Rapamycin, a specific inhibitor of the serine/threonine mTOR kinase, markedly inhibited both cell growth and apoptosis in human B-cell lines. Besides arresting cells in G(1) by increasing p27(kip1), rapamycin tripled the cellular level of the BCL-2 protein. The activity was dose-dependent and specific for the p27(kip1) and BCL-2 proteins. Rapamycin did not affect bcl-2 mRNA although it increased cellular BCL-2 concentration by inhibiting phosphorylation, a mechanism initiating the decay process. To add new insight, we combined rapamycin treatment with treatment by taxol, which, by damaging microtubules, can phosphorylate BCL-2 and activate apoptosis.

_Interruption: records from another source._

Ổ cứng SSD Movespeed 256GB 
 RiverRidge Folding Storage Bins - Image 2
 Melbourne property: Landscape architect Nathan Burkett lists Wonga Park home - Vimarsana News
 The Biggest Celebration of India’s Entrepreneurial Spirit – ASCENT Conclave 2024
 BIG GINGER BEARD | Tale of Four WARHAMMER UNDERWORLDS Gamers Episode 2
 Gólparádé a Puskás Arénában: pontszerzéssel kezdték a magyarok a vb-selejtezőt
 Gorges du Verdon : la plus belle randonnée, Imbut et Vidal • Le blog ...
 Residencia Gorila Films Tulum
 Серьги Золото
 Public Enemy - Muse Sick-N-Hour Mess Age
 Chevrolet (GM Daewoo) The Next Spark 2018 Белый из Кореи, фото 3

It was found that the mTOR kinase was activated in cells treated with taxol or with nocodazole although it was inhibited in cells pre-treated with rapamycin. BCL-2 phosphorylation, apoptosis and hyperdiploidy were also inhibited by rapamycin. In contrast, taxol-induced microtubule stabilization or metaphase synchronization were not inhibited by rapamycin. Taken together, these findings indicate that mTOR belongs to the enzymatic cascade that, starting from damaged microtubules, phosphorylates BCL-2. By regulating apoptosis, in addition to the control of a multitude of growth-related pathways, mTOR plays a nodal role in signaling G(1) and G(2)-M events.